Reprezentacja USA znów jest w grze podczas mistrzostw świata w Chinach! Dzięki pewnej wygranej nad Grekami, podopieczni Gregga Popovicha udowodnili, że ich słabszy mecz z I fazy przeciwko Turcji był jedynie wypadkiem przy pracy i nadal trzeba się z nimi liczyć. W ostatnim spotkaniu grupy K Amerykanie wystąpią jednak w dalszym ciągu osłabieni brakiem Jaysona Tatuma.

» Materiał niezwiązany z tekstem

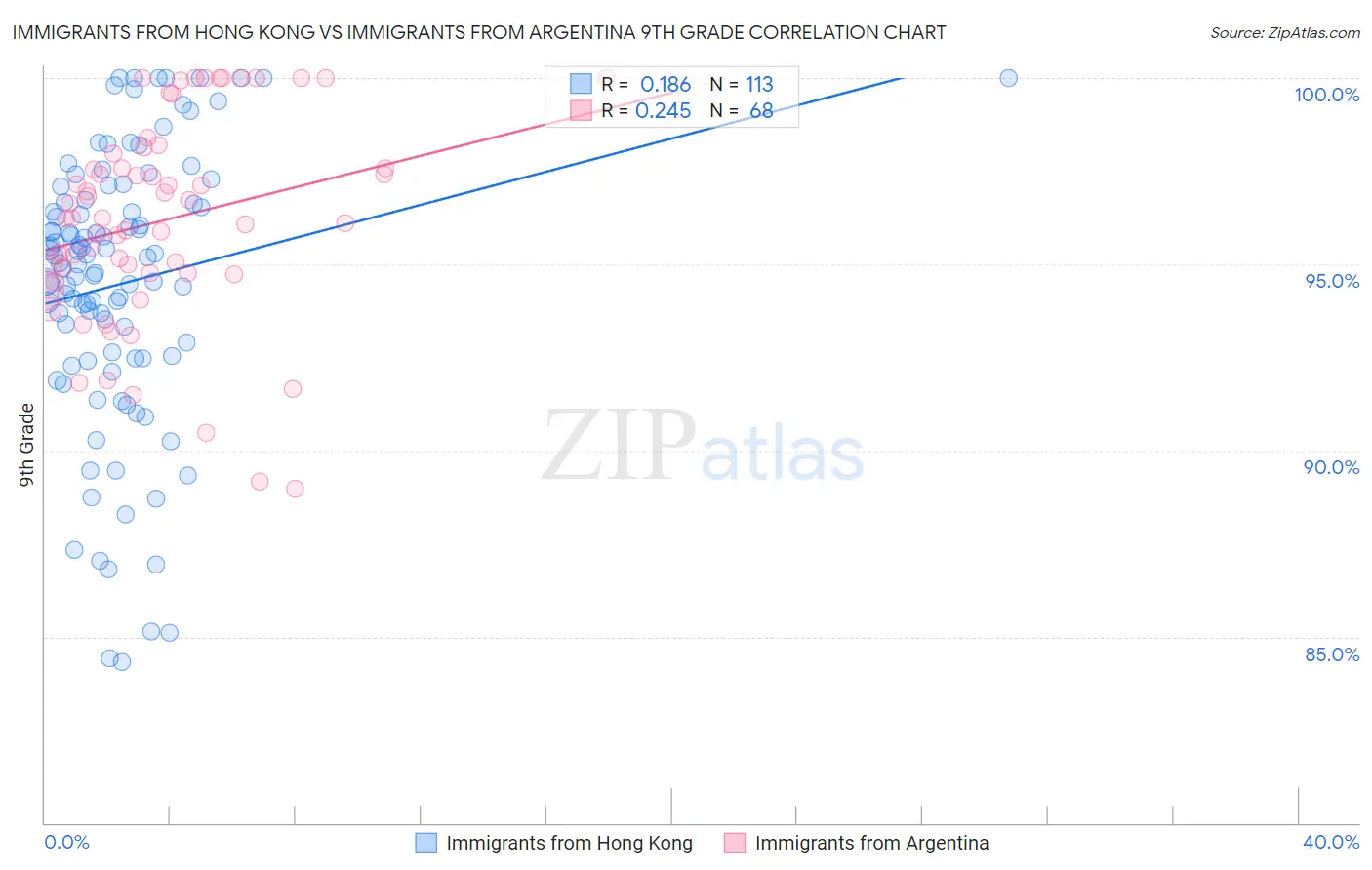 Immigrants from Hong Kong vs Immigrants from Argentina 9th Grade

Skrzydłowy nie doszedł jeszcze do pełni zdrowia od momentu kontuzji, której doznał w drugim pojedynku turnieju. Pod koniec starcia z Turcją, koszykarz Boston Celtics doznał skręcenia lewej kostki i opuścił parkiet z pomocą sztabu medycznego kadry USA. Pierwsze prognozy mówiły o tym, że 21-latek nie zagra w dwóch najbliższych meczach, ale nie wystąpi jednak w trzech.
- Czuję się już dobrze. O wiele lepiej niż wtedy, gdy do tego doszło. Mam więc nadzieję, że będę gotowy do gry na środę - zaznaczył Tatum. To właśnie wtedy Stany Zjednoczone rozegrają swój ćwierćfinałowy pojedynek w mistrzostwach świata.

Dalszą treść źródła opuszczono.